Thread: Procedure after failover

Procedure after failover

From
Paul Jungwirth
Date:
Hi All,

I have Postgres 9.3 on Ubuntu 14.04 set up in a master/slave
configuration with streaming replication. On the master I ran `sudo
service postgresql stop` and then on the slave I ran `sudo touch
$trigger_file`. Now the slave seems to be running fine, but I'm trying
to figure out the process for getting things back to normal. I think
it is roughly like this, but I'd love for someone to confirm:

1. Change each server's {postgresql,recovery}.conf so the (old) slave
will replicate back to the (old) master.
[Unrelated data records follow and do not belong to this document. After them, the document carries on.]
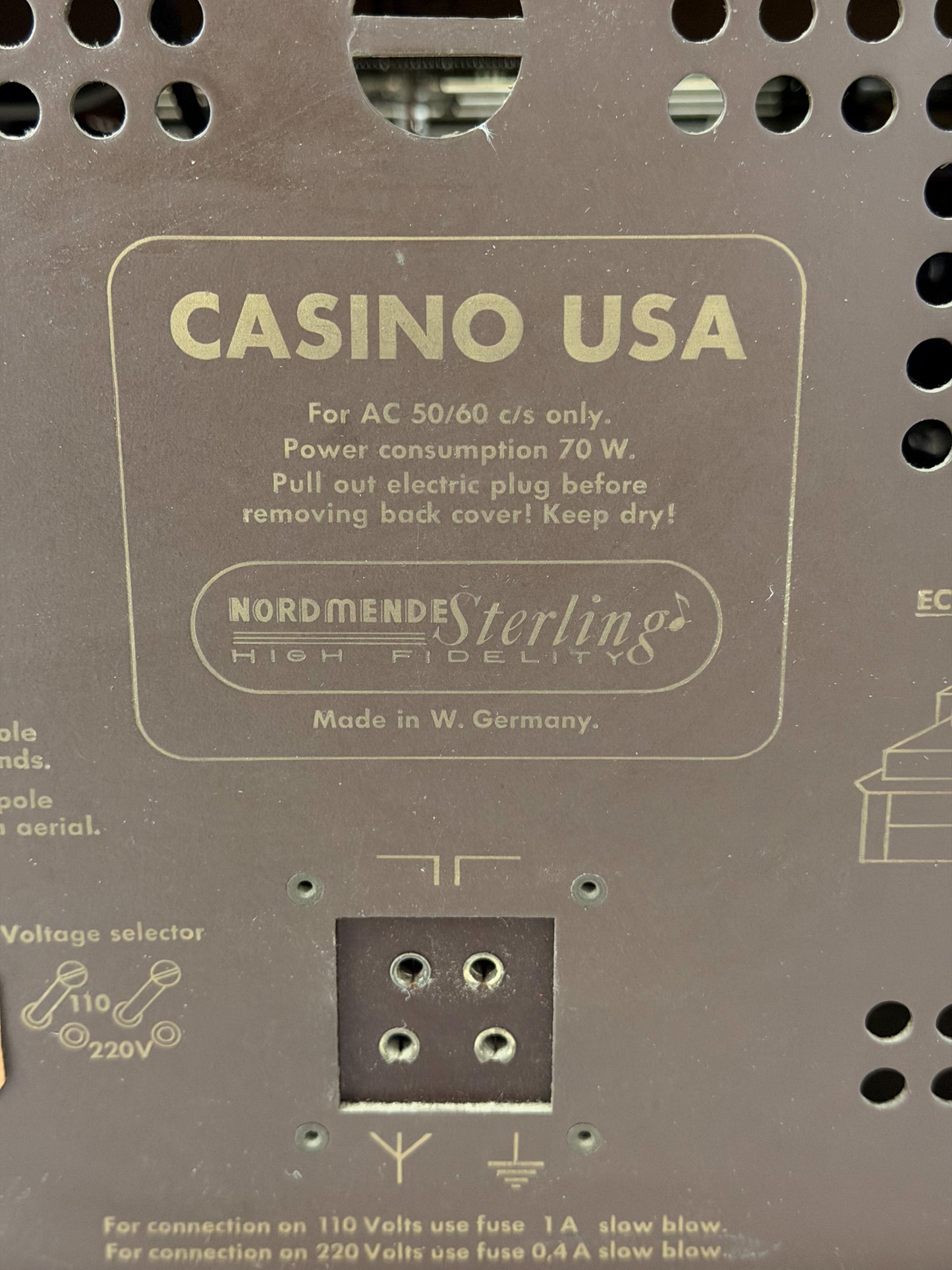 Back panel of a Nordmende Sterling audio component with 'Casino USA' branding.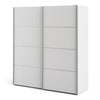 Verona Sliding Wardrobe 180cm in White with White Doors with 2 Shelves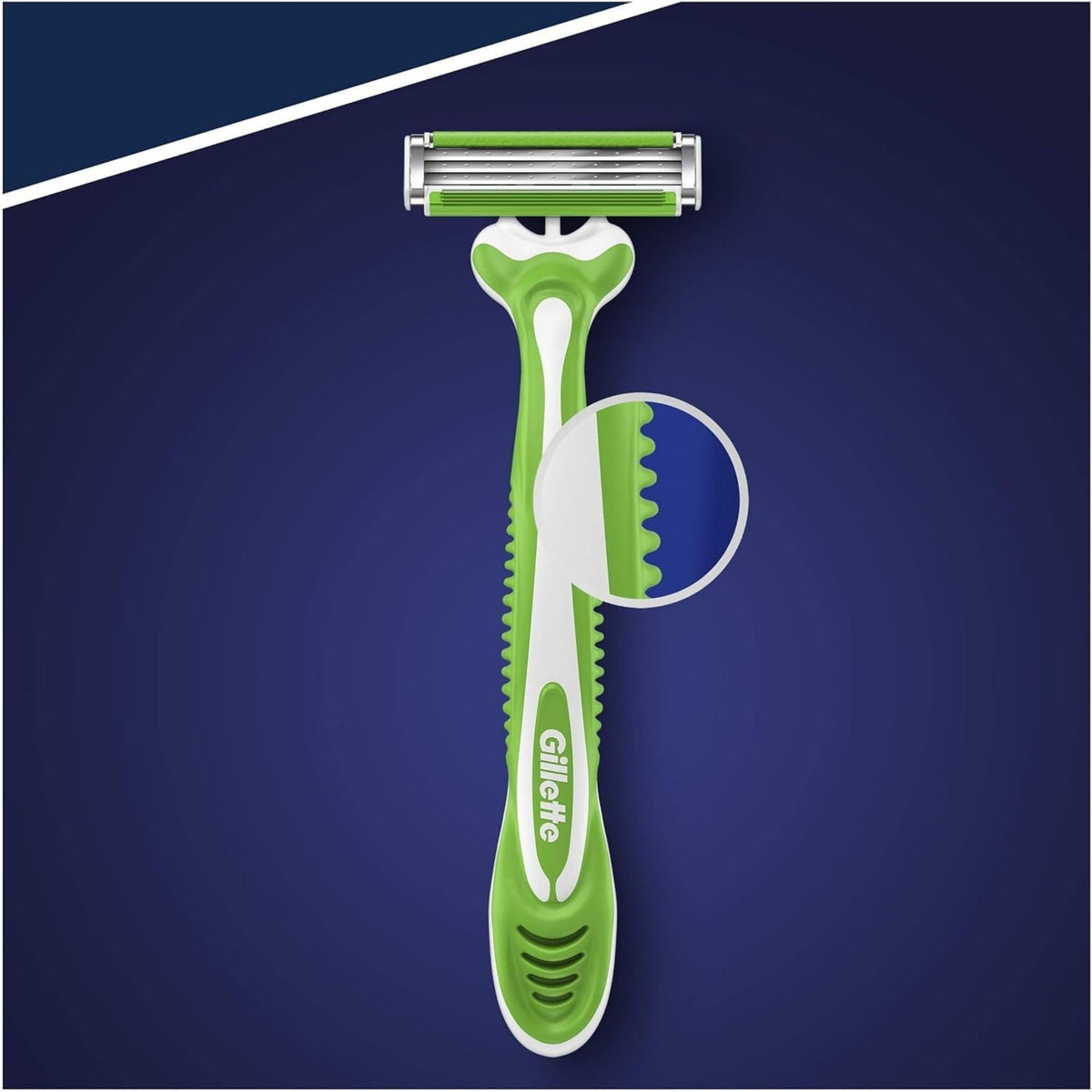 Refect Beauty Gillette Blue3 Sensitive disposable razor with triple blades, green plastic handle, and lubricating strip.
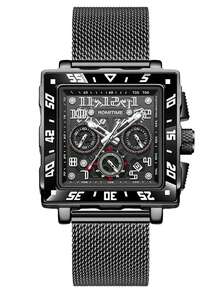 GUANQIN 1 buc ceas luminos impermeabil pentru bărbați, cu calendar cronograf, cadran pătrat multifuncțional, curea din oțel inoxidabil rezistentă la uzură, curea din plasă Milan, modă business, lux sportiv, clasic, simplu, casual, stil mecanic, ceas cu cuarț automat pentru bărbați, potrivit pentru Ziua Îndrăgostiților, festivaluri, întâlniri, afaceri, cadouri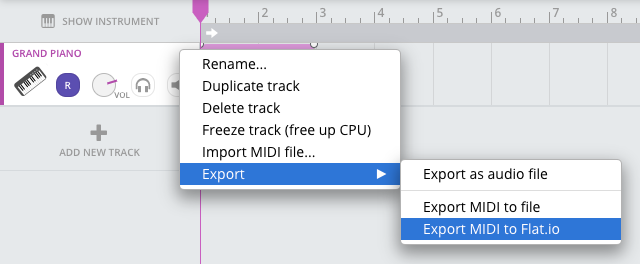 Export from Soundtrap to Flat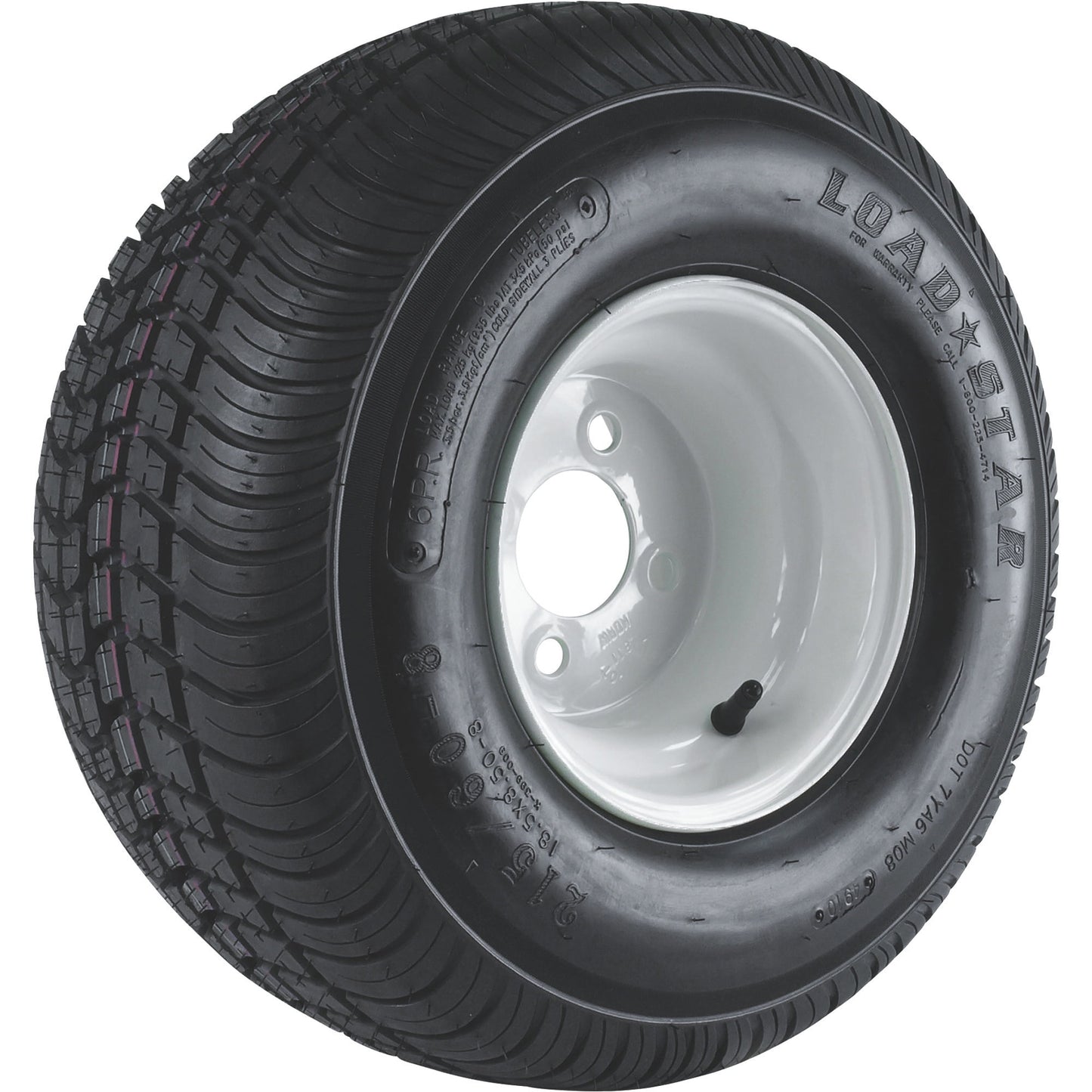 Kenda Loadstar 8in. Bias-Ply Trailer Tire and Wheel Assembly, 215/60-8, 4-Hole, Load Range C, Model# DM2568C-4I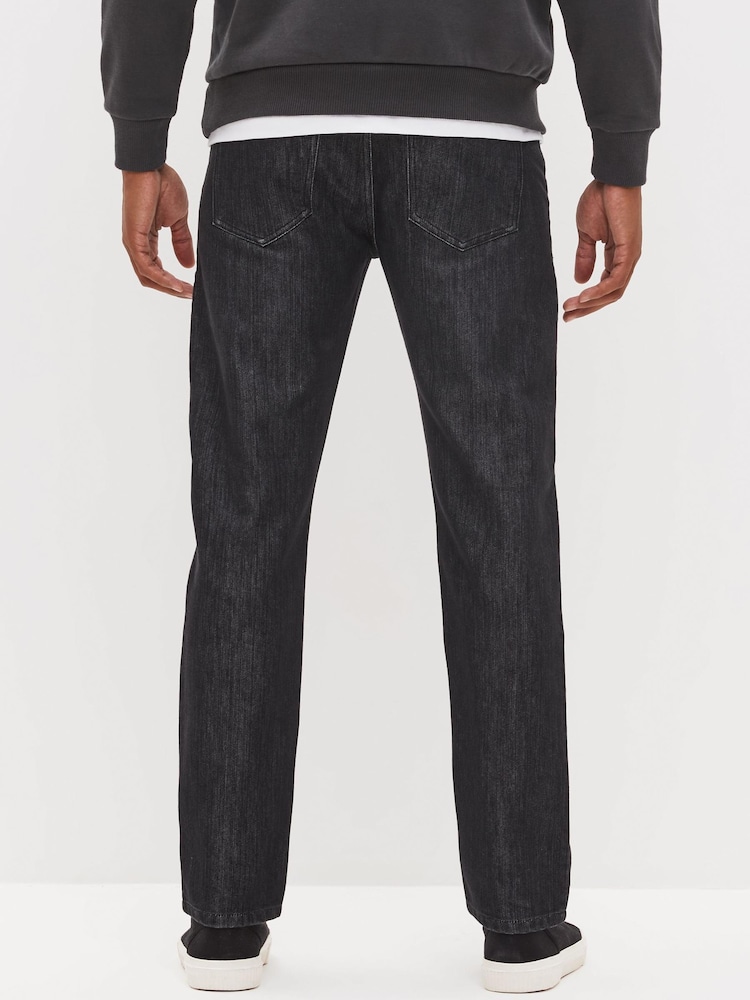 Black Cotton Straight Fit Jeans - Image 3 of 8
Restart the (old) slave, then
start the (old) master.
2. Once the (old) master has caught up, run `sudo service postgresql
stop` on the (old) slave, then `sudo touch $trigger_file` on the (old)
master. Now the (old) master is a master again.
3. Change each server's {postgresql,recovery}.conf files to their
original settings. Restart the master, then start the slave.

Will this work?

What if there were changes on the master that didn't get replicated
before I originally shut it down? (Or does using init.d delay shutdown
until all WAL updates have made it out?)

Is there a better way to do it? Do I need to wipe the (old) master and
use pg_dump/pg_restore before I bring it back up?

If it helps, here is my postgresql.conf on the master:

archive_mode = on
archive_command = 'rsync -aq -e "ssh -o StrictHostKeyChecking=no" %p
10.0.21.10:/secure/pgsql/archive/%f'
archive_timeout = 3600

Here is postgresql.conf on the slave:

hot_standby = on

and recovery.conf on the slave:

standby_mode = 'on'
primary_conninfo = 'XXXXXXX'
trigger_file = '/secure/pgsql/main/trigger'
restore_command = 'cp /secure/pgsql/archive/%f %p'
archive_cleanup_command =
'/usr/lib/postgresql/9.3/bin/pg_archivecleanup /secure/pgsql/archive/
%r'

Thanks,
Paul

--
_________________________________
Pulchritudo splendor veritatis.


Re: Procedure after failover

From
Paul Jungwirth
Date:
A bit more info:

> What if there were changes on the master that didn't get replicated
> before I originally shut it down?

It looks like Ubuntu's init.d script does a "fast" shutdown, i.e.
SIGINT on this page:

http://www.postgresql.org/docs/9.3/static/server-shutdown.html

I can't tell from the doc what happens re WAL archives though. Is that
what the page means by "online backup mode"? My suspicion is that
because I shut down the master "fast", I'm going to have to wipe it
and then pg_restore it from the slave, because it might have data that
never made it out to the slave. Is that correct?

Thanks,
Paul

--
_________________________________
Pulchritudo splendor veritatis.